Your task is to repeat all of the data exactly while excluding the pictures.

══ Input for this task

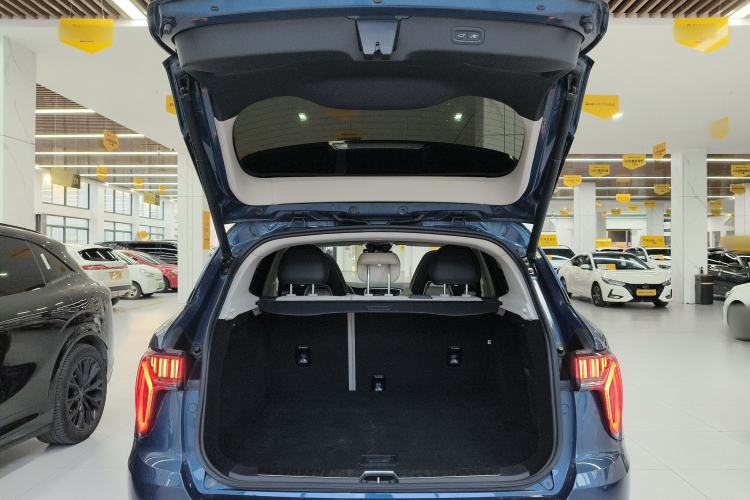 Used Lynk & Co 01 2019 2.0T Two-Wheel Drive Zhaopu Version China VI Standard
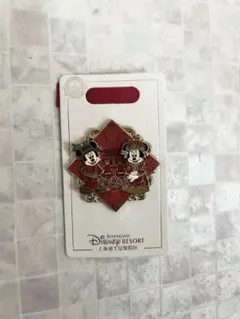 【世界1100個限定！】ティモンとプンバァ　ピンバッジ　上海ディズニー ランダムピンバッチを飼い始めてしまった話 | 上海→香港→WDW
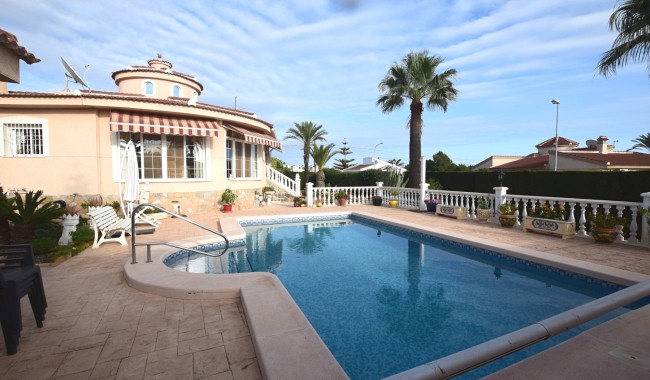 Villa - Segunda mano - Ciudad Quesada/Rojales - Central Quesada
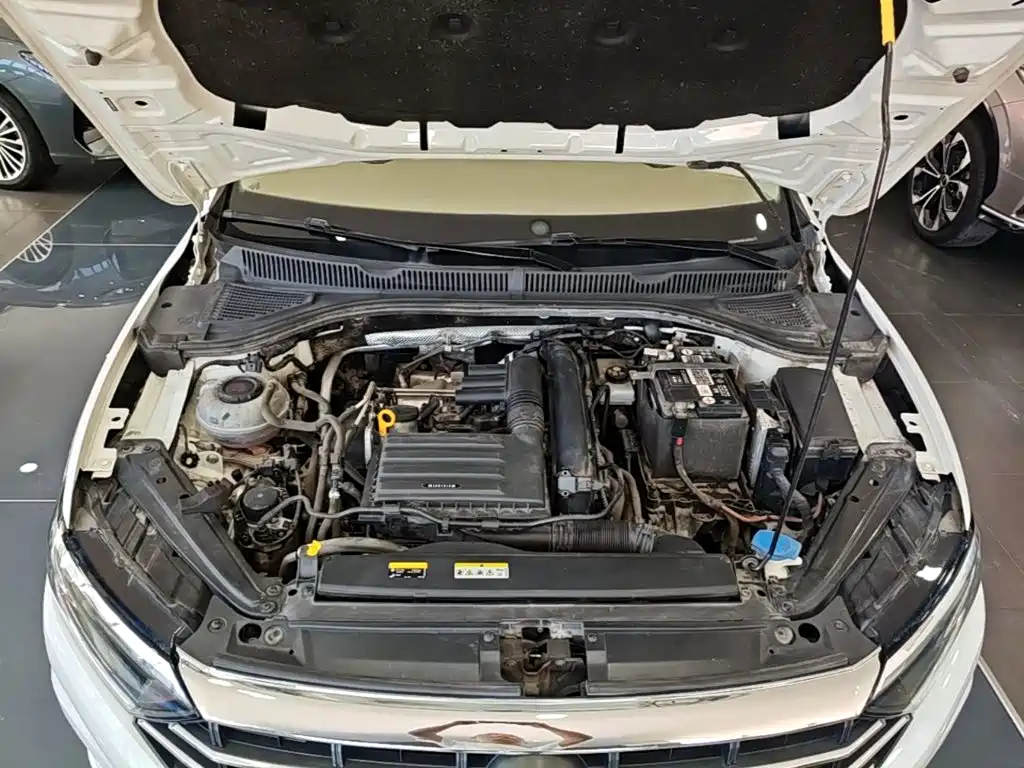 Volkswagen Sagitar — миниатюра 20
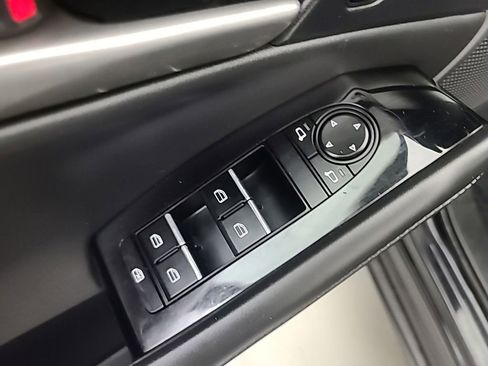 Used 2024 MAZDA CX-30 AWD 2.5 S w/ Select Sport Pkg image 23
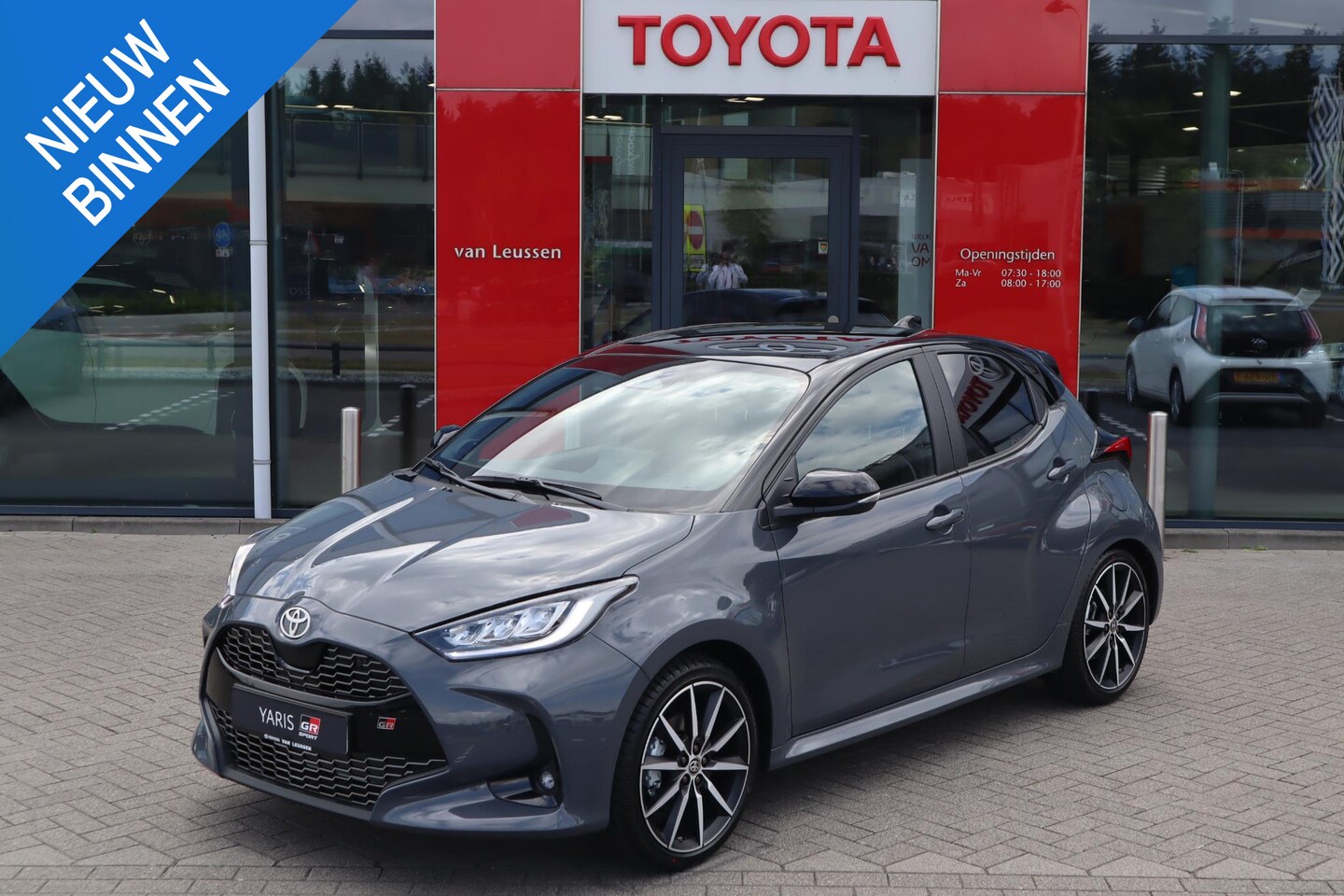 Toyota Yaris - 1.5 HYBRID 130 GR Sport NIEUW&DIRECT LEVERBAAR! PANODAK JBL-AUDIO STOEL+STUURVERW. BLIND-S - AutoWereld.nl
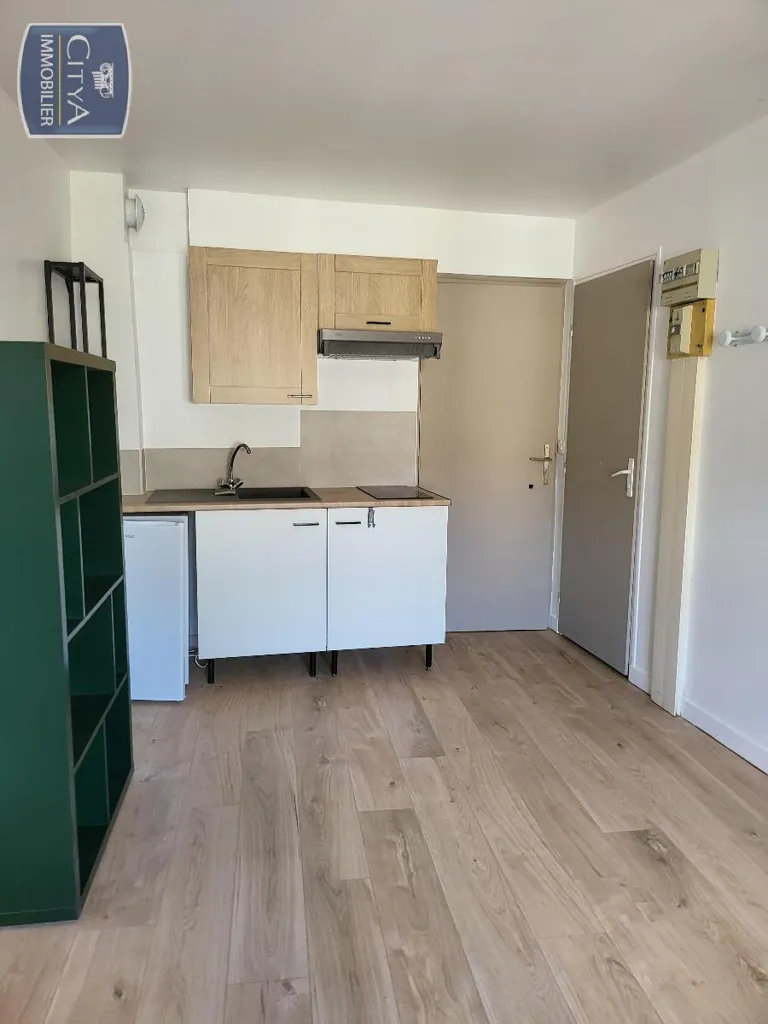 Cuisine - Appartement Rénové au Calme à Poitiers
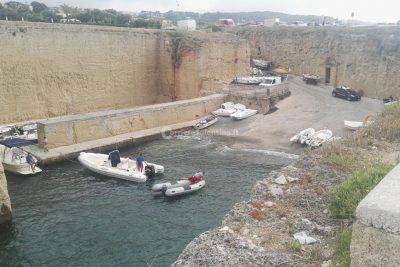 Sbarco nella notte, i migranti arrivano su barca a vela: si temono dispersi in mare, ricerche in corso - Corriere Salentino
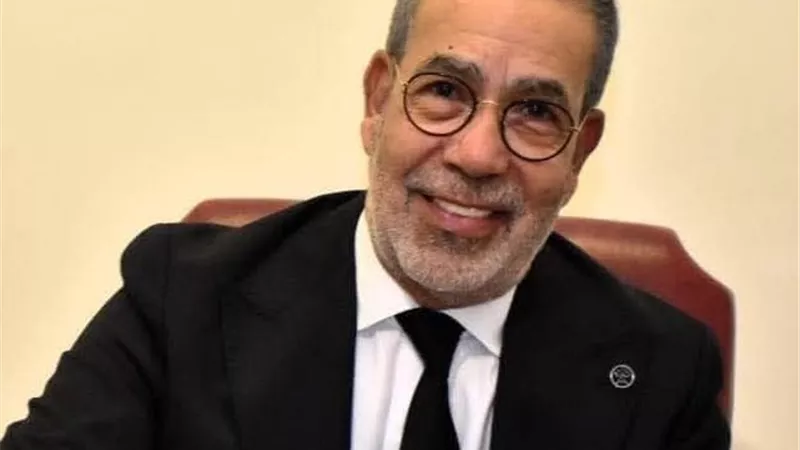 مدحت العدل: لو قالوا عايزين حق أداء علني لـ الكومبارس أنا أول واحد هدفع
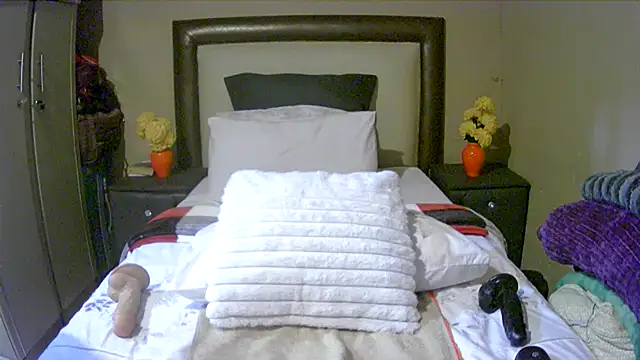 Kimmyboobs online show from 10/02/25, 06:33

════

[Reply]
 Used Lynk & Co 01 2019 2.0T Two-Wheel Drive Zhaopu Version China VI Standard
 【世界1100個限定！】ティモンとプンバァ　ピンバッジ　上海ディズニー ランダムピンバッチを飼い始めてしまった話 | 上海→香港→WDW
 Villa - Segunda mano - Ciudad Quesada/Rojales - Central Quesada
 Volkswagen Sagitar — миниатюра 20
 Used 2024 MAZDA CX-30 AWD 2.5 S w/ Select Sport Pkg image 23
 Toyota Yaris - 1.5 HYBRID 130 GR Sport NIEUW&DIRECT LEVERBAAR! PANODAK JBL-AUDIO STOEL+STUURVERW. BLIND-S - AutoWereld.nl
 Cuisine - Appartement Rénové au Calme à Poitiers
 Sbarco nella notte, i migranti arrivano su barca a vela: si temono dispersi in mare, ricerche in corso - Corriere Salentino
 مدحت العدل: لو قالوا عايزين حق أداء علني لـ الكومبارس أنا أول واحد هدفع
 Kimmyboobs online show from 10/02/25, 06:33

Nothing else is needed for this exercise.